Commodities decline as gold, oil futures finish lower

Fri 2:42 pm by Deborah Bacal

Gold futures finished down on Friday, posting a loss of 1.8% for the week as the yellow metal consistently failed to reclaim the key $1,700 an ounce level.

 

Gold futures finished down on Friday, posting a loss of 1.8% for the week as the yellow metal consistently failed to reclaim the key $1,700 an ounce level.

February gold fell $13.30, or 0.8%, to settle at $1,656.60 an ounce on the Comex division of the New York Mercantile Exchange.

Morgan Stanley on Thursday cut its 2013 outlook for average gold prices by 4% to $1,773 a troy ounce, but said they remain bullish on the metal, despite recent selling pressure triggered by market concerns of an earlier-than-anticipated tightening in U.S. monetary policy.

A series of banks in recent weeks have cut their outlooks for gold prices this year.

On Wednesday, the U.S. House approved an extension of the debt ceiling until May 19, and jobs data Thursday increased speculation that the Federal Reserve will be able to remove its easing policy sooner.

U.S. jobless claims last week dropped 5,000 to 330,000 – marking the lowest level since January 2008. The consensus estimate was for claims to rise from 335,000 to 360,000.

Manufacturing data in the U.S. and China yesterday also helped support stocks, which lured investors away from the yellow metal’s safe haven appeal.

In Europe, the preliminary Markit euro-zone composite purchasing-managers’ index showed activity continued to contract across the region, but at the slowest pace in 10 months.

And on Friday, the business-climate index for Germany reportedly rose to 104.2 in January from 102.4 last month. Traders were also pleased to learn that the European Central Bank said banks will repay US$184.3 billion in three-year loans next year – more than expected.

Meanwhile, March crude finished down slightly by 0.1% for the day, or 7 cents, to end at $95.88 a barrel. It lost 0.2% on the week.
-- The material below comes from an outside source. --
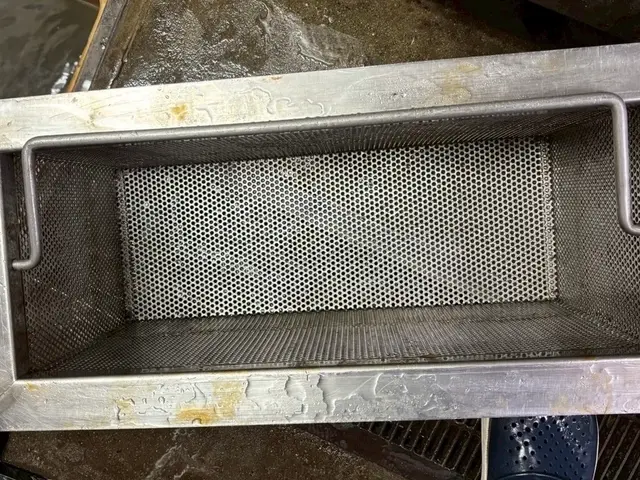 【店舗・法人】グリストラップ清掃はプロにお任せ！定期清掃にも対応！サービスの画像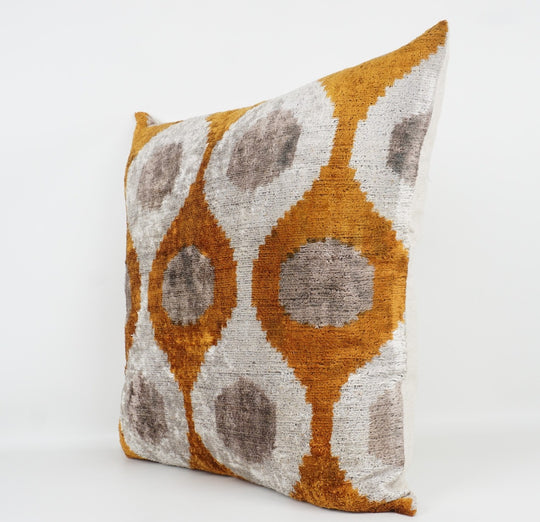 Seidenkissen 50×50 mit Retro-Dots in Safran, Greige und Offwhite; Vorderseite aus 100 % Seide (Silk-Velvet), Rückseite aus Baumwolle/Leinen.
On Thursday, weekly inventories data showed soft demand from refineries made for a 2.8 million barrel build in oil inventories which, at 363.1 million barrels, remain well above their upper limit.

Gasoline inventories fell 1.7 million barrels though distillate inventories, despite weak production, did rise, up 0.5 million barrels.

Today, the Commerce Department reported that new home sales unexpectedly dropped in December, sliding 7.3% to an annual rate of 369,000, missing Street expectations for 385,000.